| Problem statement |
Within the listing, each line that has the string "Manual" should be copied.
### Data to use ###
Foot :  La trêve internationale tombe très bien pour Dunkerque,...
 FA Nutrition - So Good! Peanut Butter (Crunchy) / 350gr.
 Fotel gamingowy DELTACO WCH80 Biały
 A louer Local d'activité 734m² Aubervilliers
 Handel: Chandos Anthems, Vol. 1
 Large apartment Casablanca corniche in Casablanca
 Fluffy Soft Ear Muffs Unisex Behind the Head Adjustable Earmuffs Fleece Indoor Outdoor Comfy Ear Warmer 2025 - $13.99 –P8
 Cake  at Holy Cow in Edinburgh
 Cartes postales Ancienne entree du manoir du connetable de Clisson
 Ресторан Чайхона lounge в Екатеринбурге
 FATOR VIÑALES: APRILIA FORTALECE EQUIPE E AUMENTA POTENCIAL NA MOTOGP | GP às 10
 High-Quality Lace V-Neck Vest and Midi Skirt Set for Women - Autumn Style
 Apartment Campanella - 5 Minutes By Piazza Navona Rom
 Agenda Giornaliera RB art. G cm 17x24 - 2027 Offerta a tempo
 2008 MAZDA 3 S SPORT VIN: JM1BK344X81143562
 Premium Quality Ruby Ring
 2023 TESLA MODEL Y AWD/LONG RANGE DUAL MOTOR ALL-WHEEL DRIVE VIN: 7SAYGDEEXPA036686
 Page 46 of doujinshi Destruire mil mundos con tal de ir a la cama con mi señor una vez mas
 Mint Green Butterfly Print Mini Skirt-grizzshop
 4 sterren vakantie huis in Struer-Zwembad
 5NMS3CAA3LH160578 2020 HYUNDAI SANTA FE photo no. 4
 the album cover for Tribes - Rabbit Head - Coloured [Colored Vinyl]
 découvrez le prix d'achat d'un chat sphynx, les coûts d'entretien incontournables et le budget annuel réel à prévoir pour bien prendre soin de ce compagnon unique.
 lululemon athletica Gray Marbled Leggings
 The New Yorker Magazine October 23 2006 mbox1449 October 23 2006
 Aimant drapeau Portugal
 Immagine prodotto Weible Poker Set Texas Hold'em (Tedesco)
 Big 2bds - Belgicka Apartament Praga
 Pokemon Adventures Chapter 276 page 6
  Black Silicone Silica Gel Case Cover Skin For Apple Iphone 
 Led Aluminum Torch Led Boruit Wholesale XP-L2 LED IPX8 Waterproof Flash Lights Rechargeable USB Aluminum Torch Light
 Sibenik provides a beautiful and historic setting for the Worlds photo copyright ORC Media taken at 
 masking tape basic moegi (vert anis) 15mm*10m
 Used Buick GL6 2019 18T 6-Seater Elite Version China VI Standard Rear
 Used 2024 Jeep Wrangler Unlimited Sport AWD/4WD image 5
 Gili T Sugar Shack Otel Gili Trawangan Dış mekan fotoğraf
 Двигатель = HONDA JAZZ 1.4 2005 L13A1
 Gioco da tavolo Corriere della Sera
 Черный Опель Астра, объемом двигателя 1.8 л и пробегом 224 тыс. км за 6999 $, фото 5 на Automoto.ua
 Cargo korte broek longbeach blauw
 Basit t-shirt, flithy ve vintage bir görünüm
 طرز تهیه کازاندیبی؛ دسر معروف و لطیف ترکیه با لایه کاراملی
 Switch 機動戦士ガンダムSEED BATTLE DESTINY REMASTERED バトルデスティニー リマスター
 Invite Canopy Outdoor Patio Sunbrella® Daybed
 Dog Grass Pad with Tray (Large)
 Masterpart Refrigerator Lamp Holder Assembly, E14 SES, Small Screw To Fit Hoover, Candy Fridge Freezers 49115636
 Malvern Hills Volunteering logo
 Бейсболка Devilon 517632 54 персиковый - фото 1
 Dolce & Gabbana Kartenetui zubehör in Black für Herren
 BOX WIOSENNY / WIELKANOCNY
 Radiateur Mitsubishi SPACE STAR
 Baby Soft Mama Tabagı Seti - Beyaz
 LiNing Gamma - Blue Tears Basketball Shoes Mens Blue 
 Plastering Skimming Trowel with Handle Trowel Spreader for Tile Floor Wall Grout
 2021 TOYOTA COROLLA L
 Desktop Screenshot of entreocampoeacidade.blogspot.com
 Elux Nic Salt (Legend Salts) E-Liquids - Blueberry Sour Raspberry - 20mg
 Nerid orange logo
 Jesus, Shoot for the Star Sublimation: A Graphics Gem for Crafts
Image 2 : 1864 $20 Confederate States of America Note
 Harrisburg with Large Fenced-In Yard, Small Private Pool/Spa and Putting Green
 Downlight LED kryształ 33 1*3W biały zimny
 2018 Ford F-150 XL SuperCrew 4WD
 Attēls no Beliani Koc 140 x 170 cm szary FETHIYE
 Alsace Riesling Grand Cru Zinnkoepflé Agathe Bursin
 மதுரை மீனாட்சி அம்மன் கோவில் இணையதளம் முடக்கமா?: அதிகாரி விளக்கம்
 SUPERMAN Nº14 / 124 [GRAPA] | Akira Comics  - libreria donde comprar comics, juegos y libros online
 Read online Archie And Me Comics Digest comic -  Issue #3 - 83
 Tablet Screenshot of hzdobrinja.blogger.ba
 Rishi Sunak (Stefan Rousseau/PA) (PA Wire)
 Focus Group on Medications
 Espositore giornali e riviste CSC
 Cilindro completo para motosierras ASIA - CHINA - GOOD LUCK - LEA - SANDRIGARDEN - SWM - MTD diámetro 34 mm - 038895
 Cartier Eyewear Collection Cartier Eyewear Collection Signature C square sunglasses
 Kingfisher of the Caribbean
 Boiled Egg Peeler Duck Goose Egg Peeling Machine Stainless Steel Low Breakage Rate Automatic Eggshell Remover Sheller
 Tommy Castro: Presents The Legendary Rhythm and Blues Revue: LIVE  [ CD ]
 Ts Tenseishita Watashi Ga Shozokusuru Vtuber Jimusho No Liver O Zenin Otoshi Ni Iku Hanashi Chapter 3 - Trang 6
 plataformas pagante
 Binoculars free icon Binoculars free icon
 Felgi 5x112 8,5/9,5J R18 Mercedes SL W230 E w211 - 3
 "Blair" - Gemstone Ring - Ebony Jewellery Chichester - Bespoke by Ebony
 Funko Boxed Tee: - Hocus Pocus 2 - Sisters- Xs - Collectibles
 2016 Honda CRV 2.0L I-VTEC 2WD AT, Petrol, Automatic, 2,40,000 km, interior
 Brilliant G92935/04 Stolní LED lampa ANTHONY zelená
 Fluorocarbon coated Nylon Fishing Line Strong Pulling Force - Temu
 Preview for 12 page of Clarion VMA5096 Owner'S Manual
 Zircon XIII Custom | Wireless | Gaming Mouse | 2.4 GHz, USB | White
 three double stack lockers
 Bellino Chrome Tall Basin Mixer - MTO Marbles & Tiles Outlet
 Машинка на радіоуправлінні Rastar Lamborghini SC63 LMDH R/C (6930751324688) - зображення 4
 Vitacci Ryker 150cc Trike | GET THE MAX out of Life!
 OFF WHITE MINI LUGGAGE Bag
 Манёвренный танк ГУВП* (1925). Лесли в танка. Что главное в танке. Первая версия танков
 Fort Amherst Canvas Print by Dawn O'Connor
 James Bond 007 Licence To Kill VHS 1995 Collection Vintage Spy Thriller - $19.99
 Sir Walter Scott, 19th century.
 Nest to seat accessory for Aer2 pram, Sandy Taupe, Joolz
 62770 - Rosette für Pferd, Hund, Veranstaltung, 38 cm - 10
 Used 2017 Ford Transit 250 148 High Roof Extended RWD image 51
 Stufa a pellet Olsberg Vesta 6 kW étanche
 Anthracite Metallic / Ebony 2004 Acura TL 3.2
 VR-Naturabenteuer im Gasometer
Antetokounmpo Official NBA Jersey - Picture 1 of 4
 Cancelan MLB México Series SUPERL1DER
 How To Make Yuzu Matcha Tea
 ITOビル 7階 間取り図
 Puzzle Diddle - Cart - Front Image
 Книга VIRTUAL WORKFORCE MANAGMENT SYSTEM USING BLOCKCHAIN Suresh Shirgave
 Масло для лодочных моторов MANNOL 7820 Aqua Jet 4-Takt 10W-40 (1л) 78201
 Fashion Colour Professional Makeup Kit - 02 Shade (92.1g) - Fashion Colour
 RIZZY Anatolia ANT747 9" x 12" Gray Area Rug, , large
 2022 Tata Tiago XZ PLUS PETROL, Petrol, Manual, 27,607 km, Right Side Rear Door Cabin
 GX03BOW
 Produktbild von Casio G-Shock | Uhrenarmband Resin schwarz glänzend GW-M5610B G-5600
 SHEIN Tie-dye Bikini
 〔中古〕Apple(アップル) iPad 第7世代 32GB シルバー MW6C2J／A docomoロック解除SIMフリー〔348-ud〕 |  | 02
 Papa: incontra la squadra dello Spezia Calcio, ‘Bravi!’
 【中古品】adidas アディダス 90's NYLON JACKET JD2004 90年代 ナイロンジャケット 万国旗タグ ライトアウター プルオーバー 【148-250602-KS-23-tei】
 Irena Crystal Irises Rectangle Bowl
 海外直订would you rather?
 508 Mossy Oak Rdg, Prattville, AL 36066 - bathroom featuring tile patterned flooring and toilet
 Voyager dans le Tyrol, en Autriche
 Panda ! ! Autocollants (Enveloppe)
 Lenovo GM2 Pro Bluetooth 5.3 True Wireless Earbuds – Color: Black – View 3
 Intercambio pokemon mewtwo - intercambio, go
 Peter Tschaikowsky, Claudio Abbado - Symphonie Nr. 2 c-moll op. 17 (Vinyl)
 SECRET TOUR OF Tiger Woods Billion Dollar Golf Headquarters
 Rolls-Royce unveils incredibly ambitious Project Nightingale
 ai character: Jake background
###
| Response area |
 Preview for 12 page of Clarion VMA5096 Owner'S Manual
 2022 Tata Tiago XZ PLUS PETROL, Petrol, Manual, 27,607 km, Right Side Rear Door Cabin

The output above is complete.